The Girls offers as bleak a view of the amorality of American youth as I have ever encountered. In a review of my first book, I was called “Intolerably apocalyptic,” but I can’t hold a candle to Ms. Cline. The book is a novelistic attempt to try and understand how some of the privileged young women of the late 1960s could commit unspeakable acts while under the sway of a Manson-like psychopath. 

 Thus we meet Evie Boyd, a fourteen year-old growing up amid relative affluence in Petaluma California. She’s directionless, with no apparent passions, self-conscious about her looks, emotionally needy, alienated from her parents (who get divorced), but possessed of a tough inner core and a rebellious streak. She’s enthralled when she encounters Suzanne, a wild, charismatic 19 year-old who seems to be a composite of Patricia Krenwinkel and Leslie Van Houton, and Evie is honored when Suzanne pays her some attention. Events bring her to the cult’s squalid ranch, and for some weeks, Evie maintains a dual life, throwing herself into the life of the cult, while returning home enough not to galvanize her mother, who is pre-occupied with a rebound relationship with Frank, an entrepreneur who comes across as a hustler with a heart of gold.

Evie is so smitten by Suzanne that she doesn’t notice as the cult spirals down from talk of love and freedom to episodes of paranoia, back-biting and revenge. Along the way, Evie has her first sexual adventures, and enters sufficiently into the spirit of the cult that she brings them to the house of the family next door (which they descrate), even though she has known the family all her life and has no score to settle. Later, Evie talks her way into joining Suzanne as she and others set off to inflict mayhem on a Dennis Wilson-like figure, but Suzanne kicks her out of the car before they begin a horrific rampage.

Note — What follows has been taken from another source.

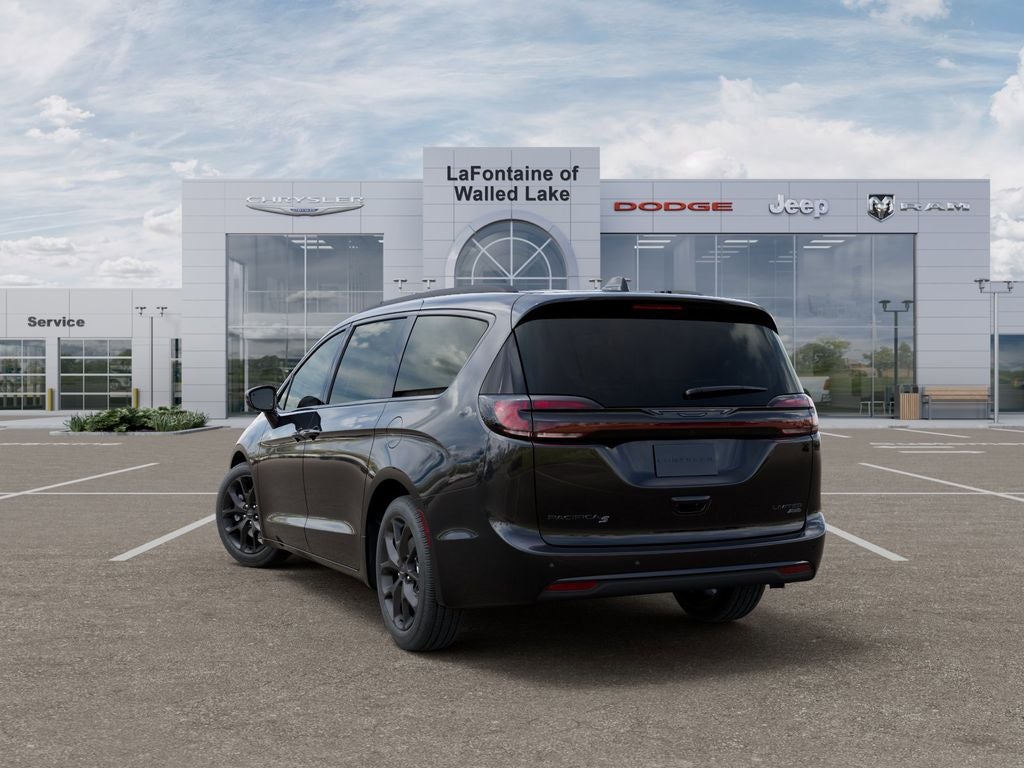 2027 Chrysler Pacifica PACIFICA LIMITED AWD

Did Suzanne do this to protect Evie from what she knew was about to happen, or because she felt that Evie wasn’t a murderer and would become a liability? That’s left unanswered, but the bloodbath that Evie missed is so depraved – including the slashing apart of a toddler – that no human with a soul could find that earlier gesture redemptive … except for our Evie, who still feels the tug of Suzanne’s power, even after she learns every gory detail of Suzanne’s actions.

It’s several months between the time of the murders and when the cult is finally caught. During this time, Evie keeps her mouth shut about what happens and meekly allows herself to be shipped off to boarding school to resume her comfortable existence, though as a wreck, not a spirited teenager.

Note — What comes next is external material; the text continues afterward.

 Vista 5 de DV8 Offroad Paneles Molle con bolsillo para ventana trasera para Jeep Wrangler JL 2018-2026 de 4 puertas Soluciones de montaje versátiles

That’s when I decided Evie was a worthless human being. Sure, she was terrified that the cult would come after her, and there’s some honor on not squealing, but Evie had to know that the cult would likely kill again, and that made her an enabler of whatever they did subsequently.

The book interweaves the present and the past and so we learn how these events haunted Evie’s life. But there’s no redemptive moment, no act where she summons the courage to do the right thing, or rises above her own self-absorption. Even in the present, when the psychopath-in-the-making son of a friend and his underage, impressionable girlfriend crash at her digs, she can only summon a half-hearted (and failed) attempt to save the girl from following the path that so grievously sidetracked her own life.

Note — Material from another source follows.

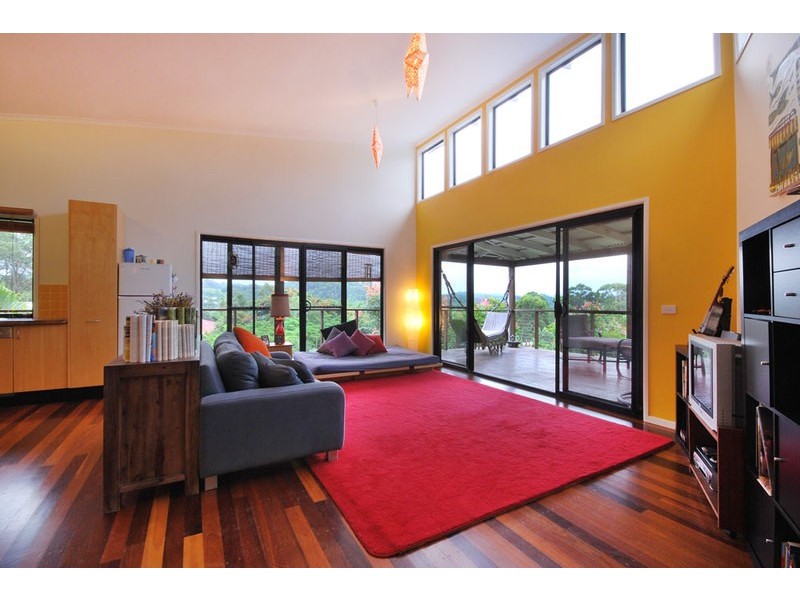 6 Coomburra Avenue, Ocean Shores NSW 2483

All the men in the book are either pathetic or pigs of various shapes and forms – except for a premed student named Tom, who sees the cult for what it is, but who Evie rejects as a dork. Towards the end of the book, Evie ticks off a long list of subsequent experiences with awful men that could summon in her the hatred to commit horrendous crimes, seeming to imply that with the right mix of events, she too might have become a Suzanne, and, by implication, so could enormous numbers of other young women.

My first reaction was to call “Bullshit!” Were all young women potential Suzannes, we would have seen endless repeats of the Manson horrors in the nearly 50 years since the events. Instead, those murders still stand as a touchstone of horror because nothing since has eclipsed their mindless violence.

The Manson cult was at the far far end of the normal curve during truly abnormal times. In just the two years leading up to the murders, we had the huge escalation of a senseless war, the explosion of the anti-war movement and counter-culture, a breakdown of generational trust, my generation’s first experiences with powerful, mind-altering drugs, and a sexual revolution. In a country of more than 200 million people, that roiling stew of disruptive forces bubbled to the surface about 20 broken souls, deranged by drugs and in the thrall of a false prophet.

On reflection, however, maybe Ms. Clein was making a different point. All we have to think of are the teenage executioners of Pol Pot’s Cambodia or the child soldiers of Africa to recognize that the capacity for evil lies latent in the young. And, while in fiction we want our protagonists to find redemption or transcend their flaws perhaps Evie’s failure to rise to the occasion was making the point that a civilization that keeps our murderous impulses in check is not innate, but something external that has to be actively inculcated and supported. That’s something to keep in mind amid the current insanity of gun violence, and as more dark clouds gather on the horizon.